Bangladesh in T20Is: A slow middle-overs sloth

Bangladesh innings always appear to be slowing down rather than gaining pace through the middle-overs in T20Is.
Thursday's first T20I in Pallekele against Sri Lanka, that cumbersome pace was in full show, despite a platform being laid in the Powerplay.
Parvez Hossain Emon and Tanzid Hasan Tamim ensured that Bangladesh got off to a good start in the Powerplay, finishing the first six overs at 54 for one, on a surface where more fireworks were expected.
At the end of the 16th over, Bangladesh were 116 for four, meaning only 62 runs were added in those 10 overs in the middle. They lost three more wickets with that approach – one perhaps of comfort but not determination.
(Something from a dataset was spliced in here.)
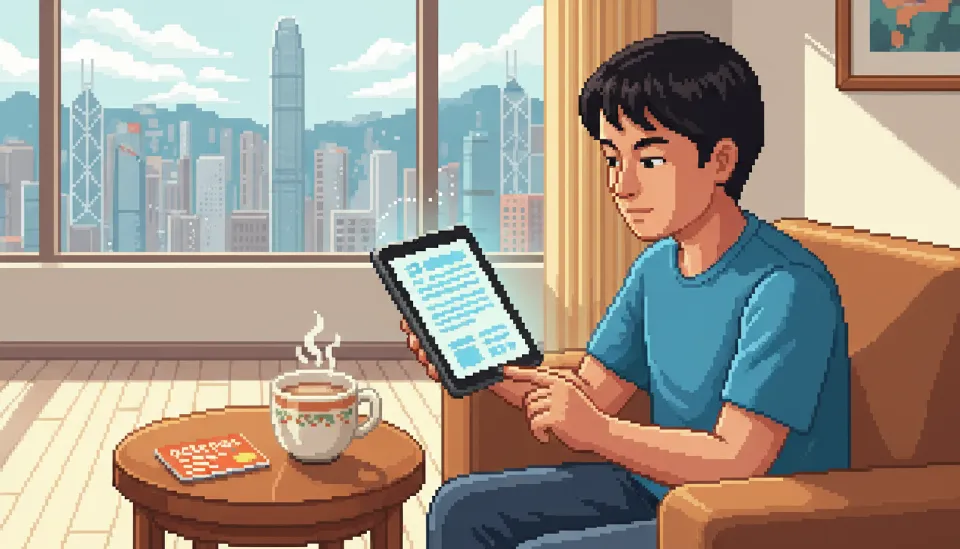 홍콩 아파트 거실에서 태블릿으로 임대 계약서를 꼼꼼히 검토하는 모습과 옥토퍼스 카드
They ended the innings with five wickets still in the bag and the likes of Rishad Hossain and Mohammad Saifuddin not getting a bat.
What happened in the middle overs?
Skipper Litton Das fell to a googly after an 11-ball 6. Emon, having plundered 38 off 22, perished to scoreboard pressure and then Tawhid Hridoy and Mohammad Naim eked out a 22-run partnership off 23 deliveries.
Naim, who, according to selectors, has reinvented himself, was asked to play a curious No. 4 role, possibly due to Jaker Ali's reported injury.
Naim stayed around for 29 deliveries, in fact finishing the innings. He found only two boundaries in his innings. A six in the 10th over was followed by a scooped four in the 17th over. In between, he had played 15 deliveries. He ended on a 29-ball 32, having played almost quarter of the team's deliveries.
Even when he got going with a six in the 10th over, it was the first boundary in 27 deliveries for Bangladesh since that Powerplay burst, an exhibit of how to not approach T20 batting.
Mehidy Miraz and Naim's stand of 46 from 36 did not altogether put the sail on the Bangladesh innings. It was courtesy of Shamim Hossain's five-ball 14 that Bangladesh reached 154 for five.
The batting approach questions the batting plan altogether. Was the fear of collapse so great that in the end staying at the crease and doing the bare minimum was considered to be a better ploy?
Naim, who between 2019 and 2022, had played 35 matches as opener, had batted at a strike-rate of 103.2, scoring 815 runs. His strike-rate was 56th worst in that period among openers who played at least 30 matches. It played a significant hand in him being dropped from T20Is.
On his return, a No. 4 role for an opener was always a tough ask. But in his approach, Naim brought back the same tendencies that were evident during that 2019-2022 period.
Even in middle-overs, T20I teams look to extend their advantage from Powerplay. Bangladesh's middle-overs sloth, with contribution from Litton, Hridoy, Naim and Miraz, mired in mystery.